:: PROVIDED MATERIAL
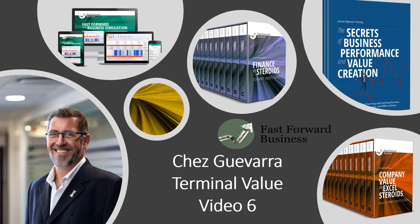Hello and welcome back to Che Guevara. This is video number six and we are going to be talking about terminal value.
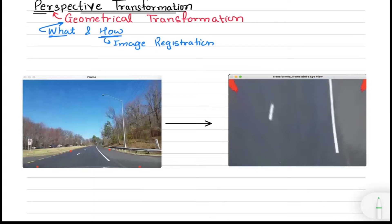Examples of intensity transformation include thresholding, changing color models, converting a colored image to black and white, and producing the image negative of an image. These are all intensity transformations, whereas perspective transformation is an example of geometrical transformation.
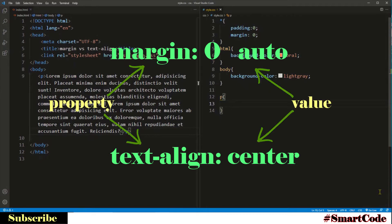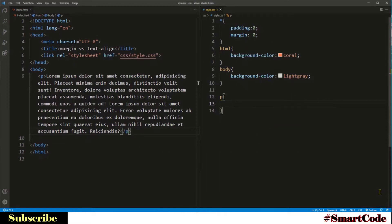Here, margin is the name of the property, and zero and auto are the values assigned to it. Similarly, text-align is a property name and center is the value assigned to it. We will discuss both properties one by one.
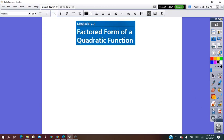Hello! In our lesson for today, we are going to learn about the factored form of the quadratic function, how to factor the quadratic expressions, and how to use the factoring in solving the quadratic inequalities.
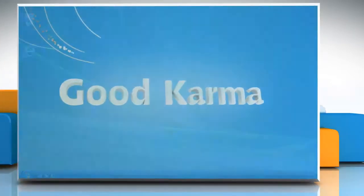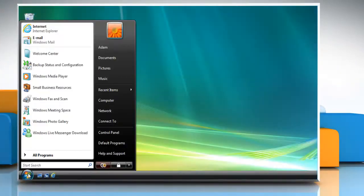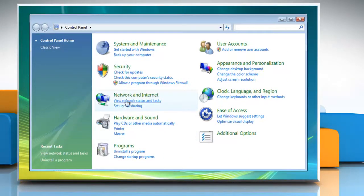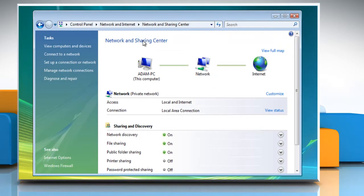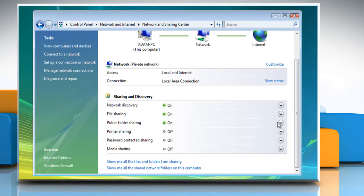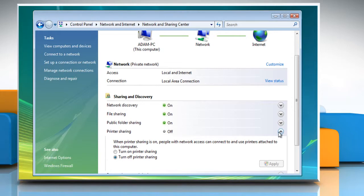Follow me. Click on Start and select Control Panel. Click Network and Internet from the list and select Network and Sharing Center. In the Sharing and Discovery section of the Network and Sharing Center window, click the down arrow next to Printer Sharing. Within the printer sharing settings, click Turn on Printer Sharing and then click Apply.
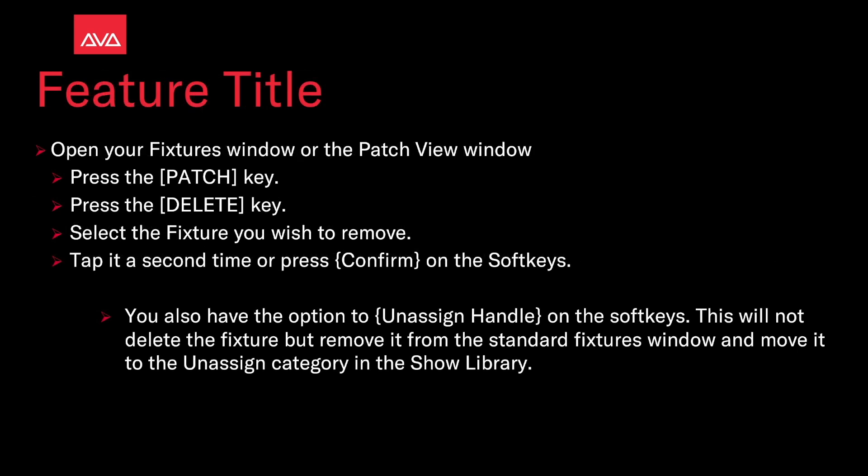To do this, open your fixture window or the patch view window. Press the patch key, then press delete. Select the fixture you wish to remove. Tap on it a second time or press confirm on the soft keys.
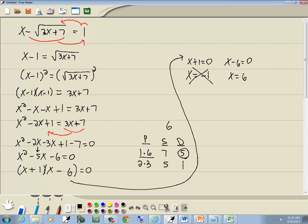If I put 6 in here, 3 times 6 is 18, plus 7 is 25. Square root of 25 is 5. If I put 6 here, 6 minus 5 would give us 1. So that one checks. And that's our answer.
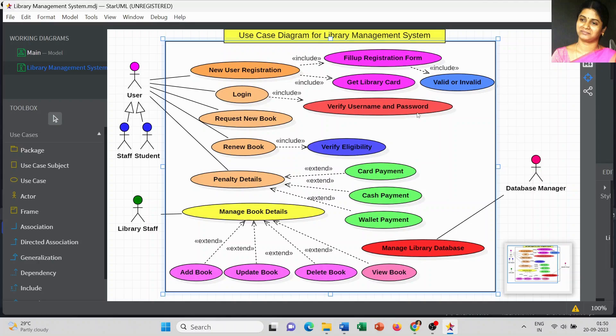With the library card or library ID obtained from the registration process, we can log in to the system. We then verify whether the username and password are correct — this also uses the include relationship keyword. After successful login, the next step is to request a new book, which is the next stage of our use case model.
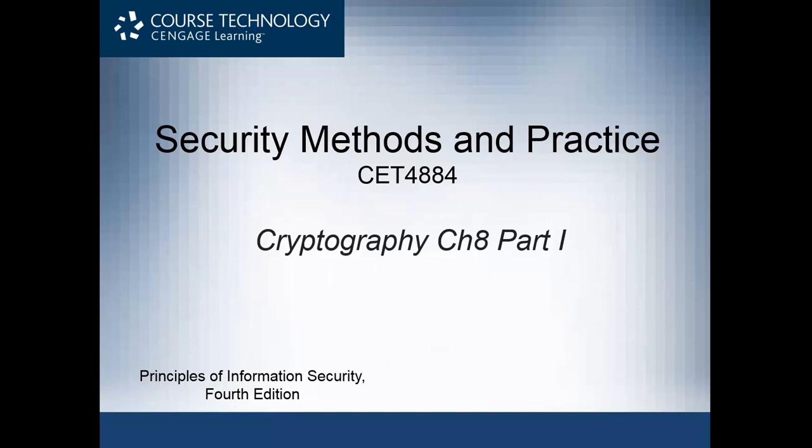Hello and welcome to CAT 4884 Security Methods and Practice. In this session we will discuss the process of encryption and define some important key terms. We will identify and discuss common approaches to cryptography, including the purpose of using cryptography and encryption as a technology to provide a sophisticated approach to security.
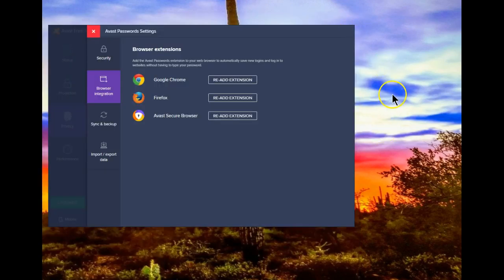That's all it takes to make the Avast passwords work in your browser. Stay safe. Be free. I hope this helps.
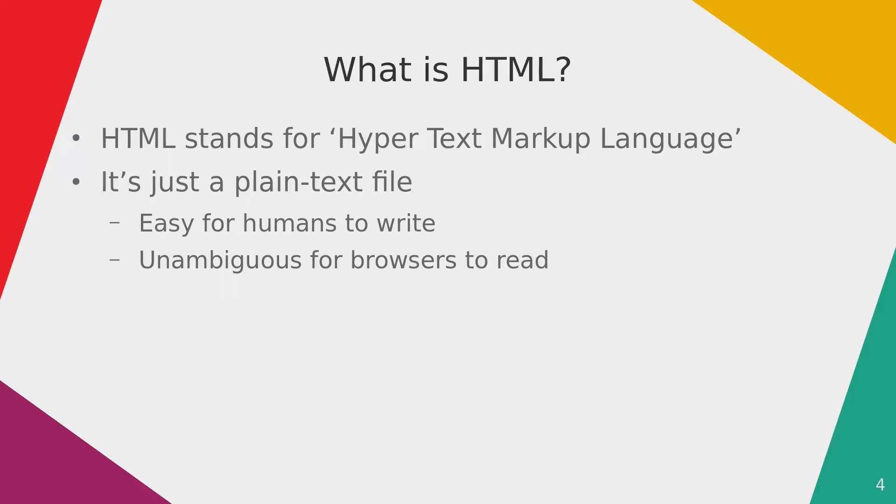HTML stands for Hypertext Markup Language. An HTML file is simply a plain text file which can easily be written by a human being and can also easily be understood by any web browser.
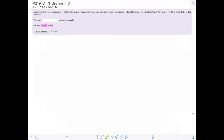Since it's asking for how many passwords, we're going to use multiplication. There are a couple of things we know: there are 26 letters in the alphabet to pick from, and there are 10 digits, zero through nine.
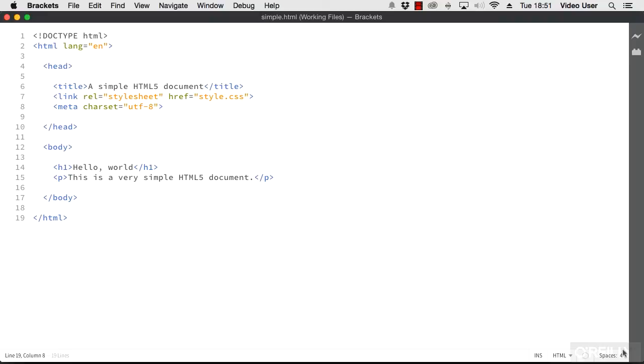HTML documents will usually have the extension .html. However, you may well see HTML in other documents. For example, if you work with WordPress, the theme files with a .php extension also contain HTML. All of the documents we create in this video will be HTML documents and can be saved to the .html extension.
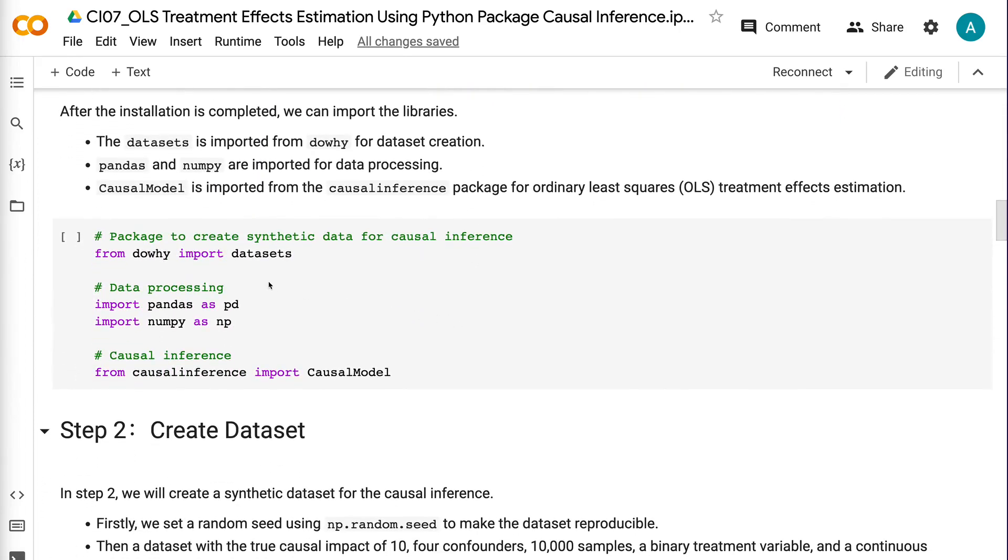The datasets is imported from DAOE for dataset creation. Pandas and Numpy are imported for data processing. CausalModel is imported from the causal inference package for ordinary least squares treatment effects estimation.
::::
:: PROVIDED MATERIAL
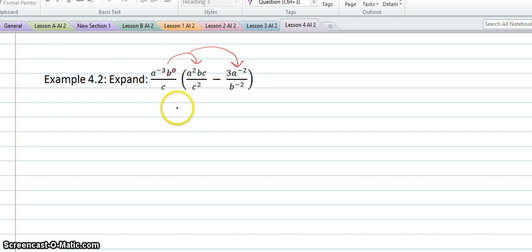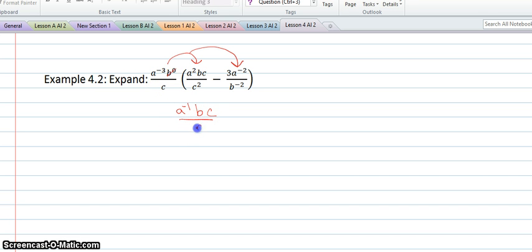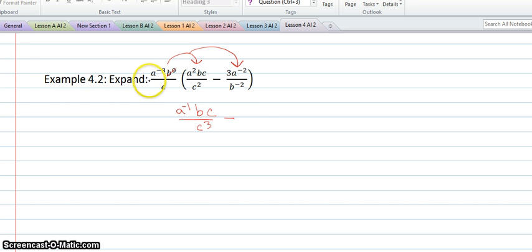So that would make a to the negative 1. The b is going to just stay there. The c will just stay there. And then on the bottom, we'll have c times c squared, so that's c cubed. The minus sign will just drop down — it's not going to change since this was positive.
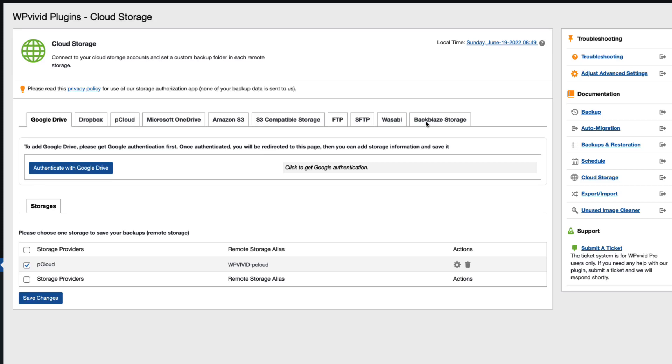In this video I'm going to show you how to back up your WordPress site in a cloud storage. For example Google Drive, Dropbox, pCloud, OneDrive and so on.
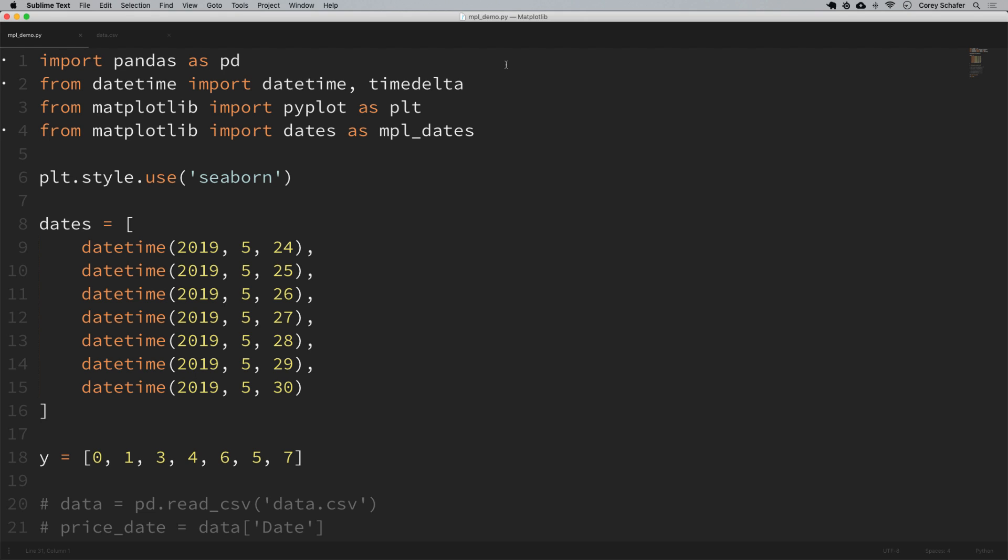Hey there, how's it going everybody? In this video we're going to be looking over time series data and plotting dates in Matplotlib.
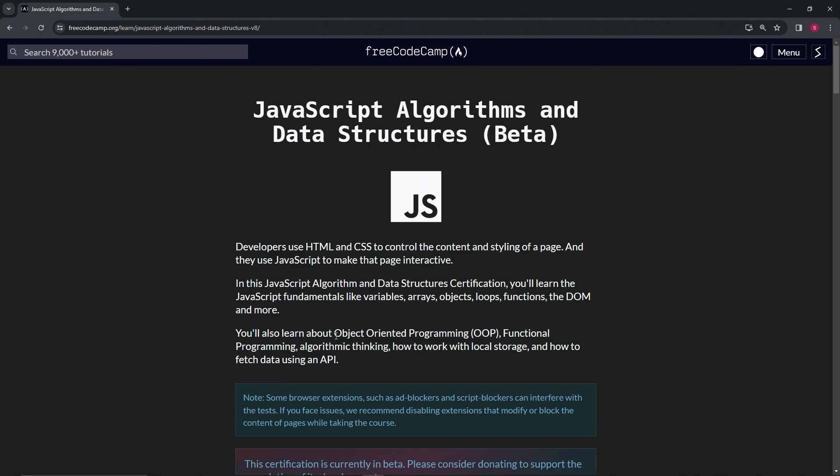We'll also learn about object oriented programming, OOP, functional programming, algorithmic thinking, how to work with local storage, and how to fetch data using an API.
::::
:: PROVIDED MATERIAL
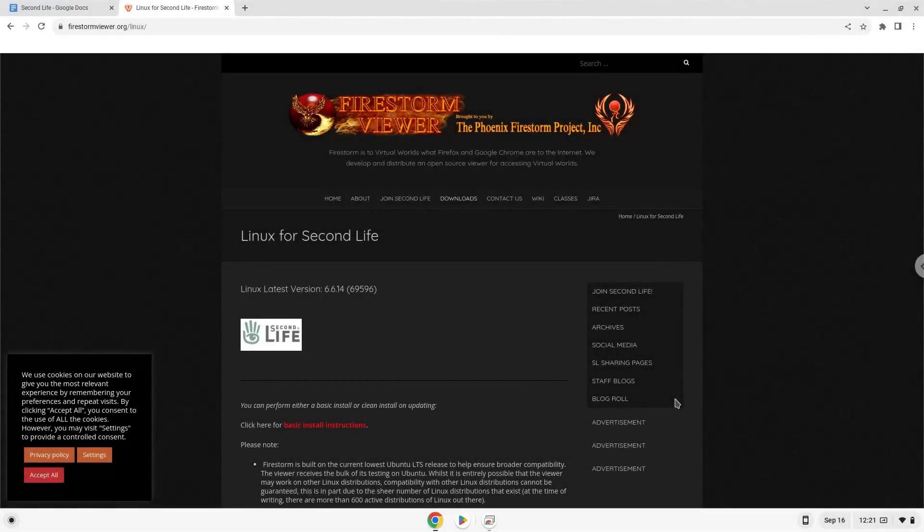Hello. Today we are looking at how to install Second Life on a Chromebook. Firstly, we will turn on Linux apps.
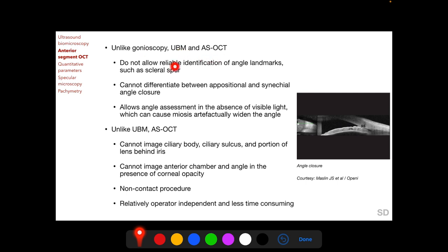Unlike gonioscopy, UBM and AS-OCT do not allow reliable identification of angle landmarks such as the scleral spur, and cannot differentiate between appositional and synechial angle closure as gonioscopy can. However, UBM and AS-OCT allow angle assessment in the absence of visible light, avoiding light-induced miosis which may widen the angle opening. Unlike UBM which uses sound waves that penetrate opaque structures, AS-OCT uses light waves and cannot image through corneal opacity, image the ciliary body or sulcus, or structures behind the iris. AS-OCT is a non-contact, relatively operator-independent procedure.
::::
Of the records above, print only the lines from the one containing "To do this, open" through the one containing "Hello and welcome to", inclusive and unaltered, leaving out pictures.

#### [EXERCISE SOLUTION]
To do this, open your fixture window or the patch view window. Press the patch key, then press delete. Select the fixture you wish to remove. Tap on it a second time or press confirm on the soft keys.
If I put 6 in here, 3 times 6 is 18, plus 7 is 25. Square root of 25 is 5. If I put 6 here, 6 minus 5 would give us 1. So that one checks. And that's our answer.
With the library card or library ID obtained from the registration process, we can log in to the system. We then verify whether the username and password are correct — this also uses the include relationship keyword. After successful login, the next step is to request a new book, which is the next stage of our use case model.
Hello and welcome to CAT 4884 Security Methods and Practice. In this session we will discuss the process of encryption and define some important key terms. We will identify and discuss common approaches to cryptography, including the purpose of using cryptography and encryption as a technology to provide a sophisticated approach to security.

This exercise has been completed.